Question: Why is Martha Stewart's insider trading only bad because it is prohibited? I thought that capitalism needed a free and open market with multiple buyers and sellers or else the market function itself would be in danger; buyers and sellers could not trust it. Insider trading destroys that market function and seems therefore bad in itself.

Answer: First, Martha Stewart was not convicted of insider trading. She was convicted of lying to federal law-enforcement agents. However, the underlying reason for her prosecution was an accusation of insider trading.

The whole episode was a disgraceful abuse of governmental authority.

Martha Stewart

Now, here is an Objectivist view of insider trading laws:

It is considered "insider trading" when a person with access to internal information of a firm uses that information to profit in the marketplace before the information is made public.

Does insider trading interfere with the free market? In the broad sense, what traders and arbitrageurs do is act on private information to make money in a public market. It is a truism of financial economics that if two parties are trading solely for the sake of profit, then each of them acts on the assumption that he knows something the other one does not. In fact, the act of trading reveals that there is private information that someone thinks bears on the trade.

(Now, in actual markets, people trade for many reasons besides expected profit maximization in the traded asset. They sell for liquidity, or to pay out retirement savings, or to make a big purchase like buying a home, for example. So some trades would take place even in the absence of private information.)

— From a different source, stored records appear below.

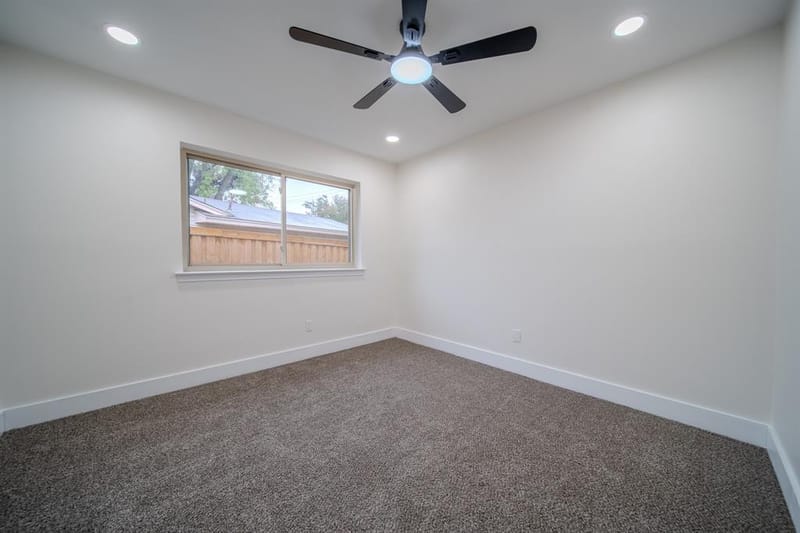5109 Presidio Drive, Garland TX 75043 - Photo 15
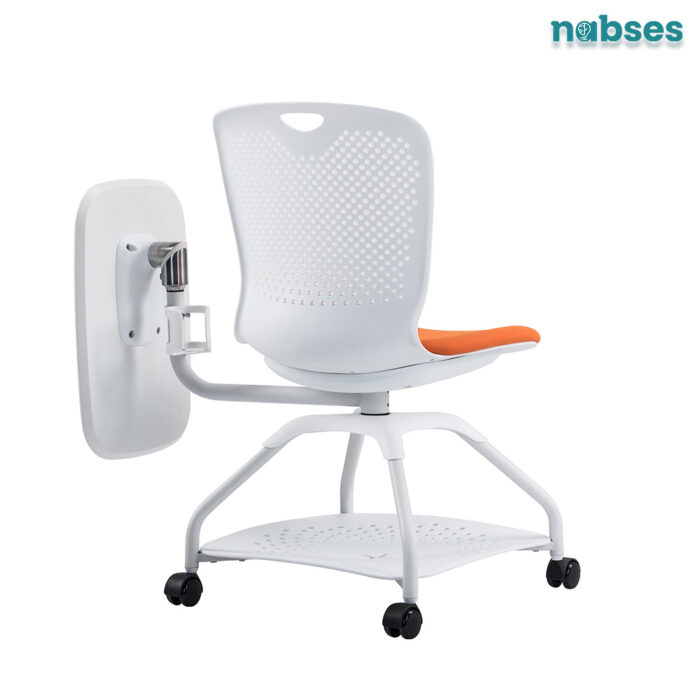 ghế training sitzone hy-228b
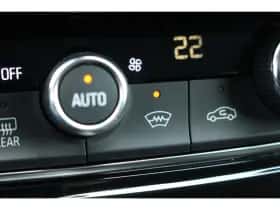 Opel Grandland (2023) thumbnail 35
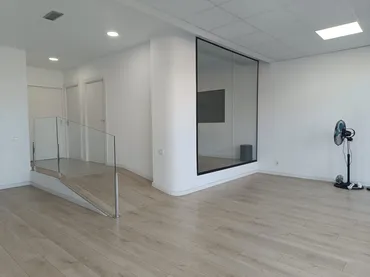 Local comercial en  Carrer Prat de la Riba - Foto 1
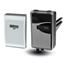 ESENSE-R-LCD ESENSE-R-LCD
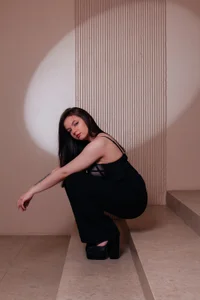 Luna_Come ❤️ รูป  3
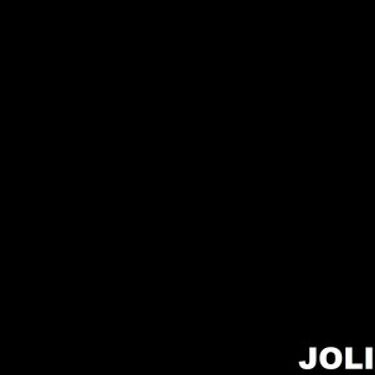 Joli - Empty. Void. Nothing.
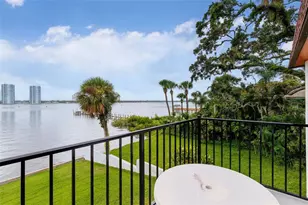 625 N Halifax Ave, Daytona Beach, FL 32118 - Photo 37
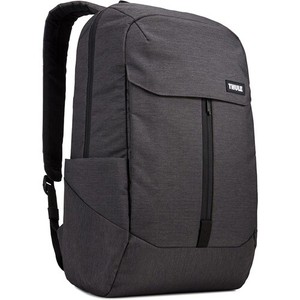 Las mejores ofertas en Mochilas de portátil para 15 in Laptop Apple MacBook  Pro | eBay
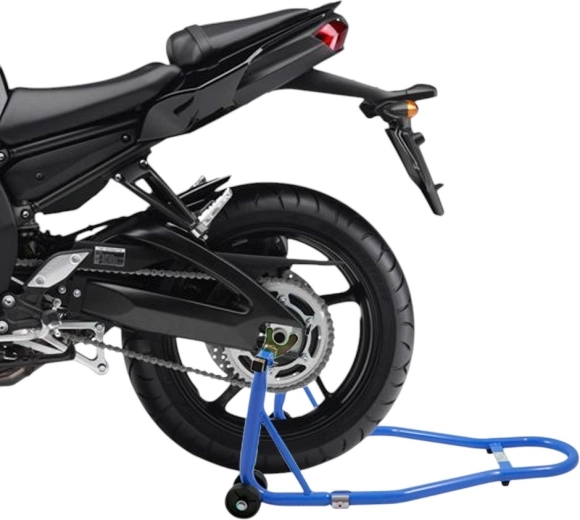 Stabil acél szerkezet magas teherbírással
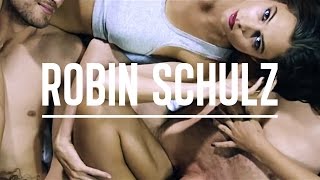 Robin Schulz amp Alligatoah  Willst Du Making Of [upl. by Niran299]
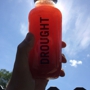 Drought Juice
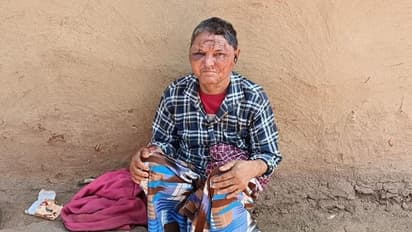 shocking crime stories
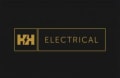 HH Electrical logo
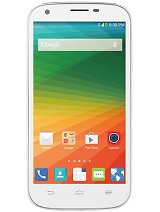 Best available price of ZTE Imperial II in Marshallislands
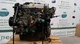 Motor completo 3392392 rtj ford fiesta - Foto 5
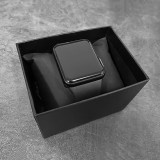 Spider Watch by Oliver Magic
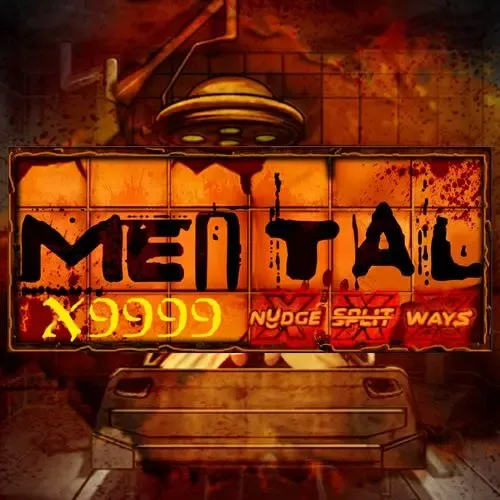 Mental - lalabet-nederland-nl.com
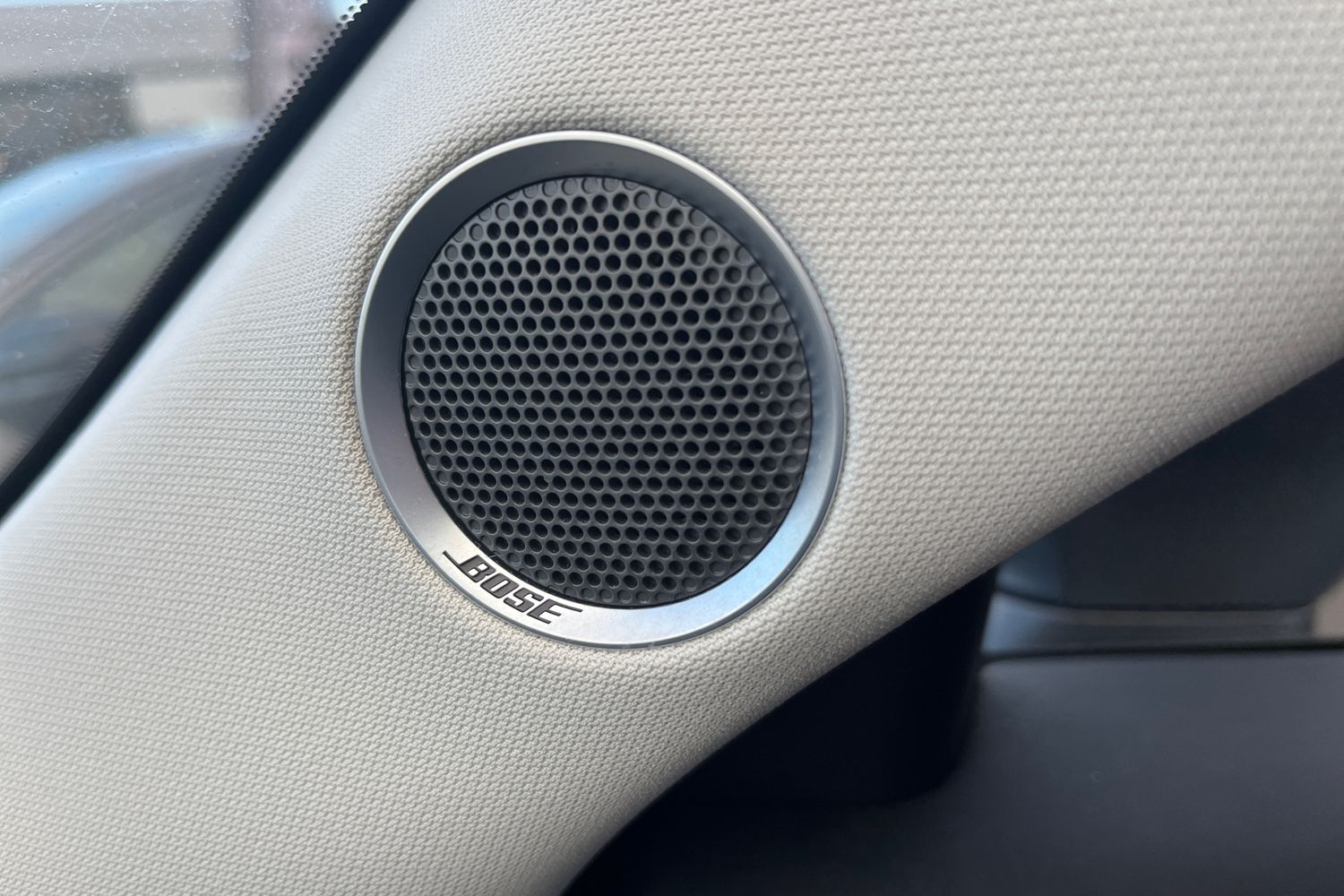 Used Mazda CX-5 2019 for sale - 77129417: Photo 29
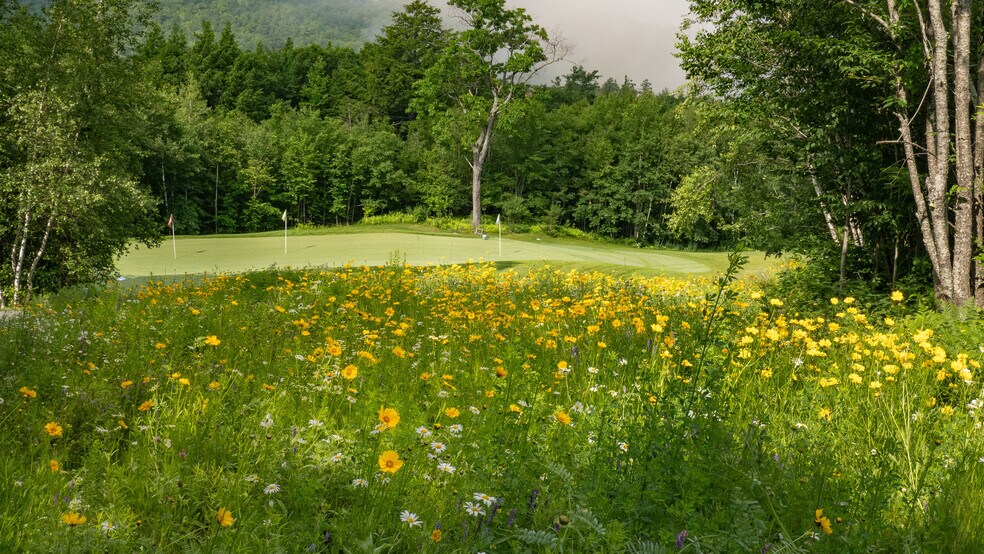 More Photos Of 2 Smith Pond Rd, Enfield Land For Sale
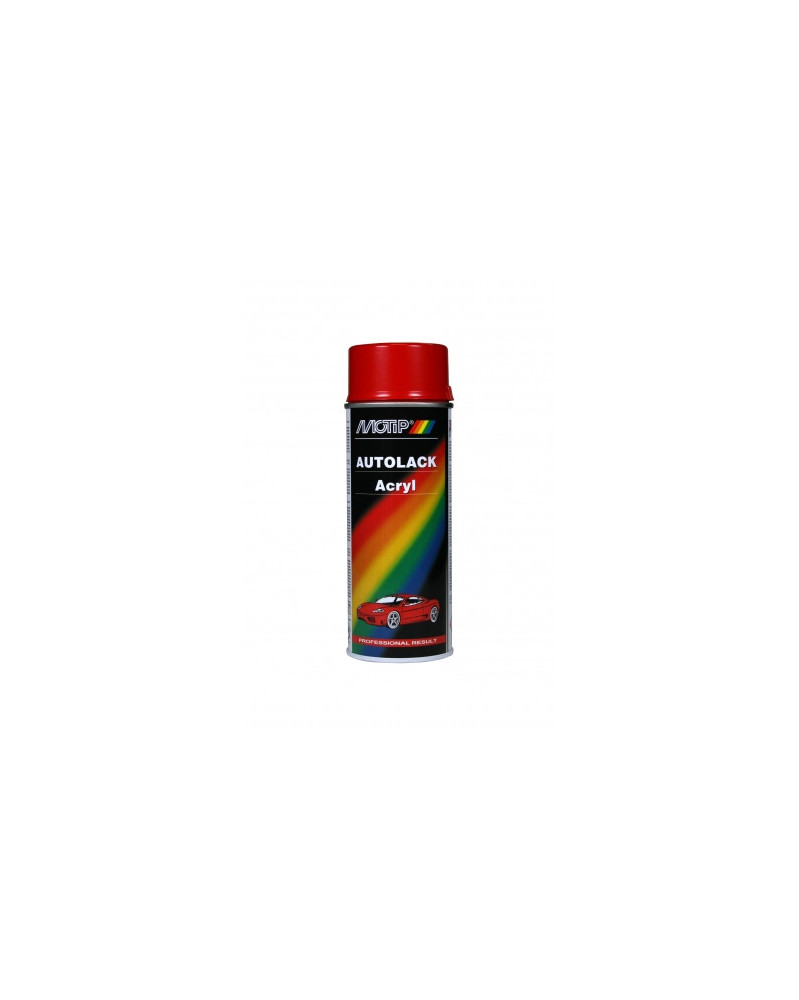 Cosse de batterie Simple serrage camion + Marque MAI Cosse de batterie Simple serrage camion + Marque MAI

In the broad sense, then the market exists to allow people with private knowledge to trade. The idea that there must be a "level playing field" in the financial marketplace, or "equal opportunity" for the ignorant, irrational, or mis-informed, contradicts the purpose of the market. Truthful information is expensive to obtain; as no one has the right to the fruits of another's labor, no one has the right to demand the product of one person's research and judgment for free. In this sense, insider trader laws are unjust. In acting on the best information she could learn, Martha Stewart was simply acting as a rational trader. If our laws truly reflected respect for laissez-faire capitalism, traders like Stewart could never be prosecuted.

Martha Stewart was not, however, alleged to be the "insider" in her case.

The insider was Sam Waksal, the CEO of Imclone Systems. Because Imclone is a publicly traded joint-stock company, the legal obligations of Waksal were quite different from those of Stewart. Even under laissez-faire, an employee would have fiduciary and contractual responsibilities to his firm. Under laissez-faire, those responsibilities would probably not be defined by statute, but would depend on the contracts of the particular firms. But since joint-stock investors count on the ability to trade their securities easily, they would have good reason to endorse something like the information-publishing requirements that the SEC and corporation law currently place on public corporations. There would probably be uniform contracts for corporations. The owners of Imclone would have had every right to sue Waksal for violation of contract and failure to fulfill his fiduciary obligations.